[What is being asked]:
Write the records out once more, so that nothing differs from the original.

Saved data entries:
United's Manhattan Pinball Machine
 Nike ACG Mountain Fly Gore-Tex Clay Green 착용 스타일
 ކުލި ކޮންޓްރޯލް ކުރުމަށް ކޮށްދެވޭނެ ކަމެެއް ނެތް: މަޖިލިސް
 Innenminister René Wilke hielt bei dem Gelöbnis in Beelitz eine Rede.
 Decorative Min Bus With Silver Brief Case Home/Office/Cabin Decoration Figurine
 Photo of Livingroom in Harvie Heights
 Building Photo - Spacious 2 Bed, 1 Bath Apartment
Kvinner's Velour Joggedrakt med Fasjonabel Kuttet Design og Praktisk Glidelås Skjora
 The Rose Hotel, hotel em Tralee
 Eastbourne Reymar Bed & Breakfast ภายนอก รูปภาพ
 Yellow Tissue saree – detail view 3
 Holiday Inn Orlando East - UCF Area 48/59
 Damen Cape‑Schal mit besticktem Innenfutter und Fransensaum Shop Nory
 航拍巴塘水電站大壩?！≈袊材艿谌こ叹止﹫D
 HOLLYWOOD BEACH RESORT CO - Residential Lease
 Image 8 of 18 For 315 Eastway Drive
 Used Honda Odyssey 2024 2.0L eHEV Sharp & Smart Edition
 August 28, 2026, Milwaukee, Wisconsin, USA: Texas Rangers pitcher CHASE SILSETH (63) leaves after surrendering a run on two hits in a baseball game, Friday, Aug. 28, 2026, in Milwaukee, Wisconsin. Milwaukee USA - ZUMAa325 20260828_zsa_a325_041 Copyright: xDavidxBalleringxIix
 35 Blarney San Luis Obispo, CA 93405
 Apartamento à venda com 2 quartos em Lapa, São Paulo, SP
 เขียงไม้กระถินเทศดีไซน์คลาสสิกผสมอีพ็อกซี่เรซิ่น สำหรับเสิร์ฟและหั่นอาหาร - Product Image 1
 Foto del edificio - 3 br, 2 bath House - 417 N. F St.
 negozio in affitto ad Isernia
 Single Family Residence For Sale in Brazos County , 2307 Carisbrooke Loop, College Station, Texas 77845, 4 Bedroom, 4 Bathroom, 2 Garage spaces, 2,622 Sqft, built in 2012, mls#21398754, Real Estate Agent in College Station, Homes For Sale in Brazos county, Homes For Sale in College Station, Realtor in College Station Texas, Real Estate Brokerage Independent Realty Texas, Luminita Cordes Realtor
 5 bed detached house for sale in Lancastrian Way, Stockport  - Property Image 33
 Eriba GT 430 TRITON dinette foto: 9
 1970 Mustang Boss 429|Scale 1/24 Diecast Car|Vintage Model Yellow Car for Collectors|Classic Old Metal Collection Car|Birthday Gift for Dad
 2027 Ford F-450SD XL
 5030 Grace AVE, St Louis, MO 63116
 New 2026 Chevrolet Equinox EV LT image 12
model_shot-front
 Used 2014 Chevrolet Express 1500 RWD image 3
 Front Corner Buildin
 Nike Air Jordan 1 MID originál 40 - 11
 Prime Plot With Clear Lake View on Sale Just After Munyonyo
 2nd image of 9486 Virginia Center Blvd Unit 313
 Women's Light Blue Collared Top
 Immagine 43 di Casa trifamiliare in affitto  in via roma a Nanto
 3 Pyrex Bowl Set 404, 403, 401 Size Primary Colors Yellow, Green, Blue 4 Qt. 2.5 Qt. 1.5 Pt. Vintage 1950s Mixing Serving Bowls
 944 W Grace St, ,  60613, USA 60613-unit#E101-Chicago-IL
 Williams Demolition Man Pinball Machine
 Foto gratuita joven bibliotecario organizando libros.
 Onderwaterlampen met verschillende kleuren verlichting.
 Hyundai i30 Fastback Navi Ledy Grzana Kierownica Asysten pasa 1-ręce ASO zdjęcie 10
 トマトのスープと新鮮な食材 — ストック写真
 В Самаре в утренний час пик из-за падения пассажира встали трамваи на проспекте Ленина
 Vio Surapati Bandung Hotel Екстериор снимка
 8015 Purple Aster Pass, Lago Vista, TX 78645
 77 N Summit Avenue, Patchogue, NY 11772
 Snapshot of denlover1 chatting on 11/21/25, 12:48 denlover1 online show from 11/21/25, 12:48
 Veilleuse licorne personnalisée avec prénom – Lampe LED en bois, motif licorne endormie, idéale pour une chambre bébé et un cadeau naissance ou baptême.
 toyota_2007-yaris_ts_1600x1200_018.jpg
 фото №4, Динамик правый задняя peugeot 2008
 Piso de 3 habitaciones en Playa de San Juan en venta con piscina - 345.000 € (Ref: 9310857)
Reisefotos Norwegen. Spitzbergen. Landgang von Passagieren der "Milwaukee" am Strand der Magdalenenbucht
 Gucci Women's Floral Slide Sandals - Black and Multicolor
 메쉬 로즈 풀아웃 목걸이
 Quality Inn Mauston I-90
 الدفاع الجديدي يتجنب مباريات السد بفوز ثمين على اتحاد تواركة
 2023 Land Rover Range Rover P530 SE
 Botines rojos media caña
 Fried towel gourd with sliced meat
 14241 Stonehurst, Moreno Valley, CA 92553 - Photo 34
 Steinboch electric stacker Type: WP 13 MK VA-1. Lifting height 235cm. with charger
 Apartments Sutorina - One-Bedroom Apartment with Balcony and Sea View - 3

[Answer space]:
United's Manhattan Pinball Machine
 Nike ACG Mountain Fly Gore-Tex Clay Green 착용 스타일
 ކުލި ކޮންޓްރޯލް ކުރުމަށް ކޮށްދެވޭނެ ކަމެެއް ނެތް: މަޖިލިސް
 Innenminister René Wilke hielt bei dem Gelöbnis in Beelitz eine Rede.
 Decorative Min Bus With Silver Brief Case Home/Office/Cabin Decoration Figurine
 Photo of Livingroom in Harvie Heights
 Building Photo - Spacious 2 Bed, 1 Bath Apartment
Kvinner's Velour Joggedrakt med Fasjonabel Kuttet Design og Praktisk Glidelås Skjora
 The Rose Hotel, hotel em Tralee
 Eastbourne Reymar Bed & Breakfast ภายนอก รูปภาพ
 Yellow Tissue saree – detail view 3
 Holiday Inn Orlando East - UCF Area 48/59
 Damen Cape‑Schal mit besticktem Innenfutter und Fransensaum Shop Nory
 航拍巴塘水電站大壩?！≈袊材艿谌こ叹止﹫D
 HOLLYWOOD BEACH RESORT CO - Residential Lease
 Image 8 of 18 For 315 Eastway Drive
 Used Honda Odyssey 2024 2.0L eHEV Sharp & Smart Edition
 August 28, 2026, Milwaukee, Wisconsin, USA: Texas Rangers pitcher CHASE SILSETH (63) leaves after surrendering a run on two hits in a baseball game, Friday, Aug. 28, 2026, in Milwaukee, Wisconsin. Milwaukee USA - ZUMAa325 20260828_zsa_a325_041 Copyright: xDavidxBalleringxIix
 35 Blarney San Luis Obispo, CA 93405
 Apartamento à venda com 2 quartos em Lapa, São Paulo, SP
 เขียงไม้กระถินเทศดีไซน์คลาสสิกผสมอีพ็อกซี่เรซิ่น สำหรับเสิร์ฟและหั่นอาหาร - Product Image 1
 Foto del edificio - 3 br, 2 bath House - 417 N. F St.
 negozio in affitto ad Isernia
 Single Family Residence For Sale in Brazos County , 2307 Carisbrooke Loop, College Station, Texas 77845, 4 Bedroom, 4 Bathroom, 2 Garage spaces, 2,622 Sqft, built in 2012, mls#21398754, Real Estate Agent in College Station, Homes For Sale in Brazos county, Homes For Sale in College Station, Realtor in College Station Texas, Real Estate Brokerage Independent Realty Texas, Luminita Cordes Realtor
 5 bed detached house for sale in Lancastrian Way, Stockport  - Property Image 33
 Eriba GT 430 TRITON dinette foto: 9
 1970 Mustang Boss 429|Scale 1/24 Diecast Car|Vintage Model Yellow Car for Collectors|Classic Old Metal Collection Car|Birthday Gift for Dad
 2027 Ford F-450SD XL
 5030 Grace AVE, St Louis, MO 63116
 New 2026 Chevrolet Equinox EV LT image 12
model_shot-front
 Used 2014 Chevrolet Express 1500 RWD image 3
 Front Corner Buildin
 Nike Air Jordan 1 MID originál 40 - 11
 Prime Plot With Clear Lake View on Sale Just After Munyonyo
 2nd image of 9486 Virginia Center Blvd Unit 313
 Women's Light Blue Collared Top
 Immagine 43 di Casa trifamiliare in affitto  in via roma a Nanto
 3 Pyrex Bowl Set 404, 403, 401 Size Primary Colors Yellow, Green, Blue 4 Qt. 2.5 Qt. 1.5 Pt. Vintage 1950s Mixing Serving Bowls
 944 W Grace St, ,  60613, USA 60613-unit#E101-Chicago-IL
 Williams Demolition Man Pinball Machine
 Foto gratuita joven bibliotecario organizando libros.
 Onderwaterlampen met verschillende kleuren verlichting.
 Hyundai i30 Fastback Navi Ledy Grzana Kierownica Asysten pasa 1-ręce ASO zdjęcie 10
 トマトのスープと新鮮な食材 — ストック写真
 В Самаре в утренний час пик из-за падения пассажира встали трамваи на проспекте Ленина
 Vio Surapati Bandung Hotel Екстериор снимка
 8015 Purple Aster Pass, Lago Vista, TX 78645
 77 N Summit Avenue, Patchogue, NY 11772
 Snapshot of denlover1 chatting on 11/21/25, 12:48 denlover1 online show from 11/21/25, 12:48
 Veilleuse licorne personnalisée avec prénom – Lampe LED en bois, motif licorne endormie, idéale pour une chambre bébé et un cadeau naissance ou baptême.
 toyota_2007-yaris_ts_1600x1200_018.jpg
 фото №4, Динамик правый задняя peugeot 2008
 Piso de 3 habitaciones en Playa de San Juan en venta con piscina - 345.000 € (Ref: 9310857)
Reisefotos Norwegen. Spitzbergen. Landgang von Passagieren der "Milwaukee" am Strand der Magdalenenbucht
 Gucci Women's Floral Slide Sandals - Black and Multicolor
 메쉬 로즈 풀아웃 목걸이
 Quality Inn Mauston I-90
 الدفاع الجديدي يتجنب مباريات السد بفوز ثمين على اتحاد تواركة
 2023 Land Rover Range Rover P530 SE
 Botines rojos media caña
 Fried towel gourd with sliced meat
 14241 Stonehurst, Moreno Valley, CA 92553 - Photo 34
 Steinboch electric stacker Type: WP 13 MK VA-1. Lifting height 235cm. with charger
 Apartments Sutorina - One-Bedroom Apartment with Balcony and Sea View - 3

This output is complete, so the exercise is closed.